### Task prompt
Scan the entries that follow for the word "Thumbnail", then report every line in which it appears.

(Source data)
___
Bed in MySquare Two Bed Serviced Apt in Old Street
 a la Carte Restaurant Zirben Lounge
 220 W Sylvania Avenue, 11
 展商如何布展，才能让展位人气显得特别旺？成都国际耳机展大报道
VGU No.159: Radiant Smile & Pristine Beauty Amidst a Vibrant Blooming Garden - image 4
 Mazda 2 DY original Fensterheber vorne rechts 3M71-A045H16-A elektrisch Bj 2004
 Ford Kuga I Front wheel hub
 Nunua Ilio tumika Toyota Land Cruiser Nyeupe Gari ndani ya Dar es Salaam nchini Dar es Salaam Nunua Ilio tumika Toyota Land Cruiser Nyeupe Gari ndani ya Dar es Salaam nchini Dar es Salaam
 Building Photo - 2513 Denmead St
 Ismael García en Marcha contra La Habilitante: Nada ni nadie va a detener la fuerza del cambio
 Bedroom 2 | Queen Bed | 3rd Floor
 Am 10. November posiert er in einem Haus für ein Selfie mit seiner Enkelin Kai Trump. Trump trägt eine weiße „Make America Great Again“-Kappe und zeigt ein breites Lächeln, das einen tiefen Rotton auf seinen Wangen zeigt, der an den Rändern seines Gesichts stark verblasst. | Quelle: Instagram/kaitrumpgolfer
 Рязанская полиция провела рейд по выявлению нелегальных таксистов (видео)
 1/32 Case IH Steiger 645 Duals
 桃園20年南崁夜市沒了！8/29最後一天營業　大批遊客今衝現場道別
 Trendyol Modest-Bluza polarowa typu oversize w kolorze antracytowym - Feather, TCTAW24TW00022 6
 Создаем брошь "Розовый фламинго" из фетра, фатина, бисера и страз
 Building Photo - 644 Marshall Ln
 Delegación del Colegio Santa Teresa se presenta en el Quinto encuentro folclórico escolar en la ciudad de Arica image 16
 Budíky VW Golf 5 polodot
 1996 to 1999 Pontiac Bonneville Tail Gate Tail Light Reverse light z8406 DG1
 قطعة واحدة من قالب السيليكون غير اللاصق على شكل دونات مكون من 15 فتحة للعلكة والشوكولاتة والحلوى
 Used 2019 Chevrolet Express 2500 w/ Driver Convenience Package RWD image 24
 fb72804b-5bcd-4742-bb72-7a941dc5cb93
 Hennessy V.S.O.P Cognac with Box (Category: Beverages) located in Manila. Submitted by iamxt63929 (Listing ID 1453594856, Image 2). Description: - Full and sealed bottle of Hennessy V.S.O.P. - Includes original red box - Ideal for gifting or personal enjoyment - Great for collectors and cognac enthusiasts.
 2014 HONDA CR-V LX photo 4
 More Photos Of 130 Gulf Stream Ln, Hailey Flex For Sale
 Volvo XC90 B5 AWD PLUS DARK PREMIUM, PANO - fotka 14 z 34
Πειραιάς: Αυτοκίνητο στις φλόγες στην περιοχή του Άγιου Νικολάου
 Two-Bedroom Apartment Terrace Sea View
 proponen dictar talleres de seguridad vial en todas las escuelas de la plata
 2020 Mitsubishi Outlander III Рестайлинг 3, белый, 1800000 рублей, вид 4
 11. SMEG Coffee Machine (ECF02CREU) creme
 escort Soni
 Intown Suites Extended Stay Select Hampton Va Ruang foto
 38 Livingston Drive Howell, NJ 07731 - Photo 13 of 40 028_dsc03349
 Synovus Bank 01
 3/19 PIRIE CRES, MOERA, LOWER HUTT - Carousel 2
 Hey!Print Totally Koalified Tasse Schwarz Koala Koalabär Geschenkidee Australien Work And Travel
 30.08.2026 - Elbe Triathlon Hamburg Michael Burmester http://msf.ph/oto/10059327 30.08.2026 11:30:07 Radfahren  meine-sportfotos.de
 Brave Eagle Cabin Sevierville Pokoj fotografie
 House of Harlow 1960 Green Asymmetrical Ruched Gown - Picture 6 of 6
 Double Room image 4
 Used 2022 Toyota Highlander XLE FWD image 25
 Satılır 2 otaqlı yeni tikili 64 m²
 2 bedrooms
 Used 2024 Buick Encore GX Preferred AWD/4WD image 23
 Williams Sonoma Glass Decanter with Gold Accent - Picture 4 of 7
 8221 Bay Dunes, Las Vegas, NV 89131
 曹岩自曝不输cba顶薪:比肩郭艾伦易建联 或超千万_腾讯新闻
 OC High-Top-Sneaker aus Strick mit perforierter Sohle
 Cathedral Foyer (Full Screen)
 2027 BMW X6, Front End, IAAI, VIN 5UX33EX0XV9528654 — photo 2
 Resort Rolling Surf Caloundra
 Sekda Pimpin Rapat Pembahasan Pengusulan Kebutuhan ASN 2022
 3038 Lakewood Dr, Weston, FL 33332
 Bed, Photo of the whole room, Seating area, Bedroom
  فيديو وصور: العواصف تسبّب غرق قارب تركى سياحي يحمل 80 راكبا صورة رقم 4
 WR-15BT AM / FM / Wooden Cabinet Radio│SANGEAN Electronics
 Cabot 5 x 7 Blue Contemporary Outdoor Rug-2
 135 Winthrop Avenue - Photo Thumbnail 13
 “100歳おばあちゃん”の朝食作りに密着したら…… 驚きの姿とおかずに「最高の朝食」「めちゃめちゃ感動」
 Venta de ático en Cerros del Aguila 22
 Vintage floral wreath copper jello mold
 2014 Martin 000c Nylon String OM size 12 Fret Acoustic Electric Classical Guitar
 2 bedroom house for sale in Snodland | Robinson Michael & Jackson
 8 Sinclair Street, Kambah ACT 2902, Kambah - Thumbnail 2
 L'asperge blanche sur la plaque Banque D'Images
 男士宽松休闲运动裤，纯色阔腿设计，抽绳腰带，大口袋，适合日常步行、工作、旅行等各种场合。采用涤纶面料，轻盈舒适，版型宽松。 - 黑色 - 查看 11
___
### Response area
 135 Winthrop Avenue - Photo Thumbnail 13
 8 Sinclair Street, Kambah ACT 2902, Kambah - Thumbnail 2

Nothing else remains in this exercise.